• **Information shown**:

● ● ●

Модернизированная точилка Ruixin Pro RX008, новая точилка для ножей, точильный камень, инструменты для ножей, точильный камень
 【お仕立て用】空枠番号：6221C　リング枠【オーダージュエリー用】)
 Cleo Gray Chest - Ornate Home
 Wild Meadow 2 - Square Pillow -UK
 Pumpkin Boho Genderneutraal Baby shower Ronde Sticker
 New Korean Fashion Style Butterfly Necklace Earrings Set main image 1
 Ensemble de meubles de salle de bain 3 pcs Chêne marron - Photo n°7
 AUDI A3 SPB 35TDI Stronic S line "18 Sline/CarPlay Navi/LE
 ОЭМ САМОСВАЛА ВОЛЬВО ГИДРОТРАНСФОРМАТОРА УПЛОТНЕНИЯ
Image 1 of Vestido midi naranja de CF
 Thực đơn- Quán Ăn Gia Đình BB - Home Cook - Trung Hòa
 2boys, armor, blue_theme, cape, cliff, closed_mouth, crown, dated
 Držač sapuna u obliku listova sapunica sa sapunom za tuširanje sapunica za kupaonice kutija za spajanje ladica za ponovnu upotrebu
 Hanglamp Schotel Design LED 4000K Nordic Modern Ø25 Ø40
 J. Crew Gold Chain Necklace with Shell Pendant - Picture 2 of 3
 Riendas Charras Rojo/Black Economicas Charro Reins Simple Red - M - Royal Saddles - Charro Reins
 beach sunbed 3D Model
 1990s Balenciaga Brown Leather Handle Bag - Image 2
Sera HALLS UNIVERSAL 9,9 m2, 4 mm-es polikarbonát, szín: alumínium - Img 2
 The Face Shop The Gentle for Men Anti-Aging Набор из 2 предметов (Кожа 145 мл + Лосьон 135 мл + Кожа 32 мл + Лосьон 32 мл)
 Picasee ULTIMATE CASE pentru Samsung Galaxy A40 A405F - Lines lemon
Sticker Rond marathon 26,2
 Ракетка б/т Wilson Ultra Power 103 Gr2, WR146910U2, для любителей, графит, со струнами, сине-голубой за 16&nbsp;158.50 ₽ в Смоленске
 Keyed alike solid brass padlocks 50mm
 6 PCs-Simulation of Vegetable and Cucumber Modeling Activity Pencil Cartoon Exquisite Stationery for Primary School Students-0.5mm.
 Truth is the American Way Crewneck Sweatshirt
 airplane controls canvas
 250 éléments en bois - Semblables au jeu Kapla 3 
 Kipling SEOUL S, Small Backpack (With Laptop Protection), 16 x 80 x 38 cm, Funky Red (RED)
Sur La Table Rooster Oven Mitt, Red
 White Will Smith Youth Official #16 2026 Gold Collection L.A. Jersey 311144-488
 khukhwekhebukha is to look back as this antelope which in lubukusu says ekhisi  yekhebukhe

● ● ●

• **Problem to solve**:
Which lines run from the one containing "Sur La Table Rooster Oven Mitt, Red" to the end of the records? Transcribe exactly those, both ends included.

• **Solution**:
Sur La Table Rooster Oven Mitt, Red
 White Will Smith Youth Official #16 2026 Gold Collection L.A. Jersey 311144-488
 khukhwekhebukha is to look back as this antelope which in lubukusu says ekhisi  yekhebukhe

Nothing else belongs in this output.